# REQUIREMENT:
Please restate, word for word, each line from the one containing "Regie Trazzere della" through the end of the entries below.
■ ■ ■
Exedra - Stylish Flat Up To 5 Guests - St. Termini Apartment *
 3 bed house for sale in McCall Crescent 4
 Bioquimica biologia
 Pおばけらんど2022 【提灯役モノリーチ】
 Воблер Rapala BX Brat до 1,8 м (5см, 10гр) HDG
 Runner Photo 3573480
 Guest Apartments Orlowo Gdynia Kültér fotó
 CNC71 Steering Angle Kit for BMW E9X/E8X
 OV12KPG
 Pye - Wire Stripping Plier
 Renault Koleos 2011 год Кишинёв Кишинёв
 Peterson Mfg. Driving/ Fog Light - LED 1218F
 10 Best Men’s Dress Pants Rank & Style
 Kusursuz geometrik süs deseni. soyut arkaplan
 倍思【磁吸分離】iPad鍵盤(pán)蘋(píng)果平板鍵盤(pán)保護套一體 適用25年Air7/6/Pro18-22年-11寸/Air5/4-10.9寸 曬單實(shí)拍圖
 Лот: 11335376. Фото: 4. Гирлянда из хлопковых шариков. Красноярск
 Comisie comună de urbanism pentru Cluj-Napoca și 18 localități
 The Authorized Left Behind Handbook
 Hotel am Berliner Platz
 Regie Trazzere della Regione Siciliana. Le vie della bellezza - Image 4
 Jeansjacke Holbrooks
■ ■ ■
# RESULT FOR THIS TASK:
 Regie Trazzere della Regione Siciliana. Le vie della bellezza - Image 4
 Jeansjacke Holbrooks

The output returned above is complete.